──────── DATA RECORDS

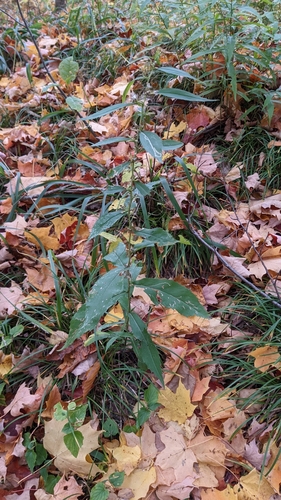 Zig Zag Goldenrod detail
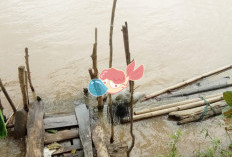 BREAKING NEWS! Penemuan Mayat Mengapung di Aliran Sungai Dekat Jerambah Setan Ogan Ilir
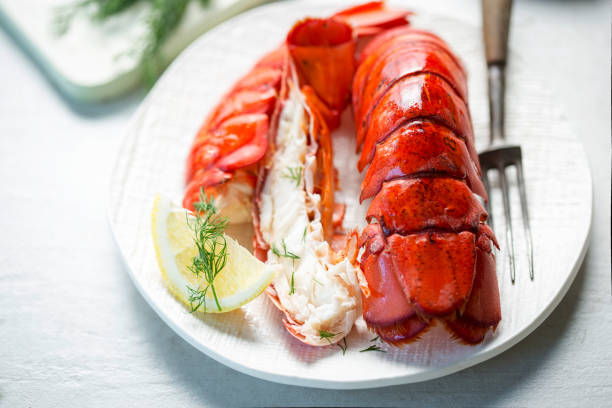 caudas de lagosta cozida com limão e endro - lobster prepared shellfish meal seafood - fotografias e filmes do acervo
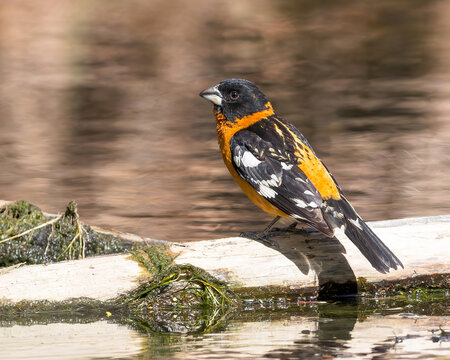 A Black-headed Grosbeak perches near a stream.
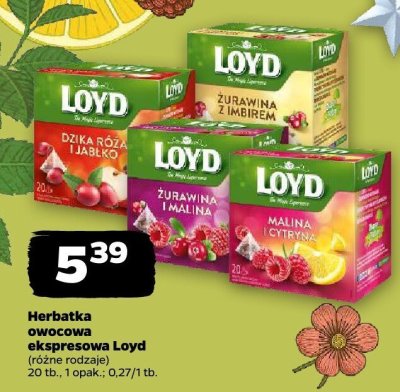 Herbatka owocowa ekspresowa Loyd (różne rodzaje) promocja w Netto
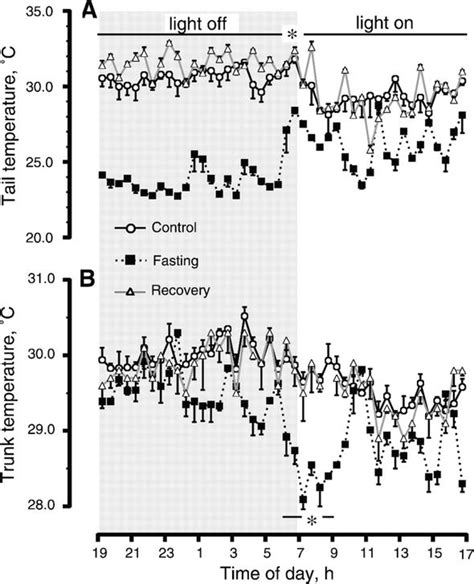 Circadian Body Temperature Rhythm And The Interaction With Energy State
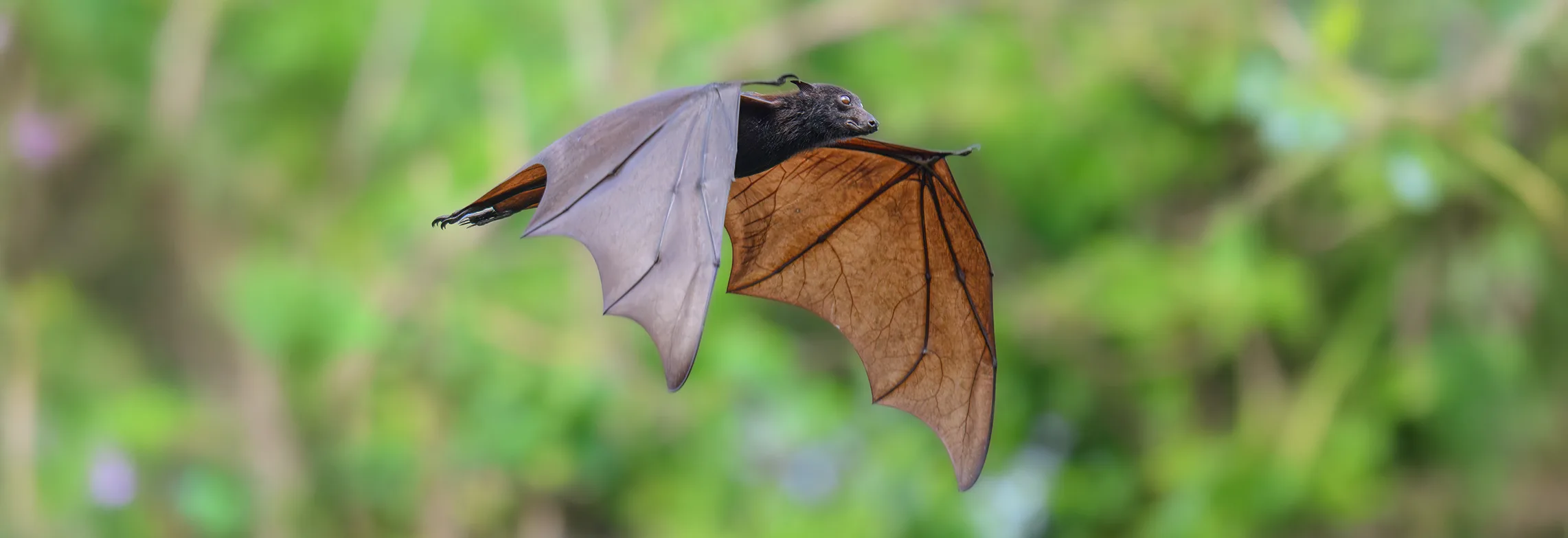 Malayan Flying Fox 1629340979 copy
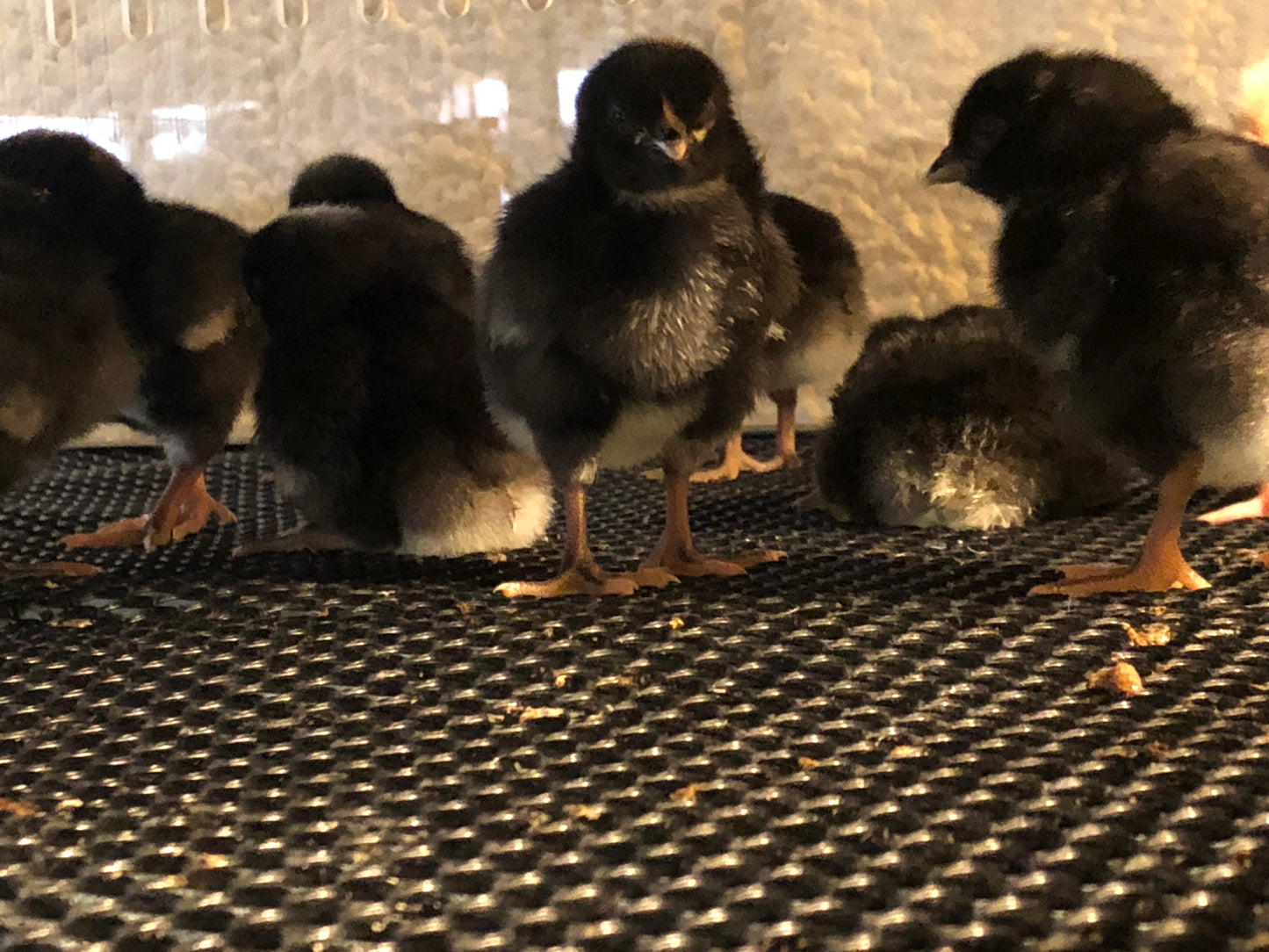 Barred Rock Chicks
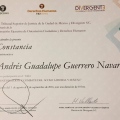 Ampliar imagen: certificate 6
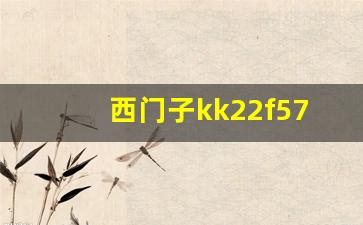 西门子kk22f66ti说明书-西门子kk22f57ti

────────────────

### WHAT THE TASK REQUIRES
Could you transcribe all of the data exactly and omit the pictures?

### ANSWER SPACE
 Zig Zag Goldenrod detail
 BREAKING NEWS! Penemuan Mayat Mengapung di Aliran Sungai Dekat Jerambah Setan Ogan Ilir
 caudas de lagosta cozida com limão e endro - lobster prepared shellfish meal seafood - fotografias e filmes do acervo
 A Black-headed Grosbeak perches near a stream.
 Herbatka owocowa ekspresowa Loyd (różne rodzaje) promocja w Netto
 Circadian Body Temperature Rhythm And The Interaction With Energy State
 Malayan Flying Fox 1629340979 copy
 Barred Rock Chicks
 Ampliar imagen: certificate 6
 西门子kk22f66ti说明书-西门子kk22f57ti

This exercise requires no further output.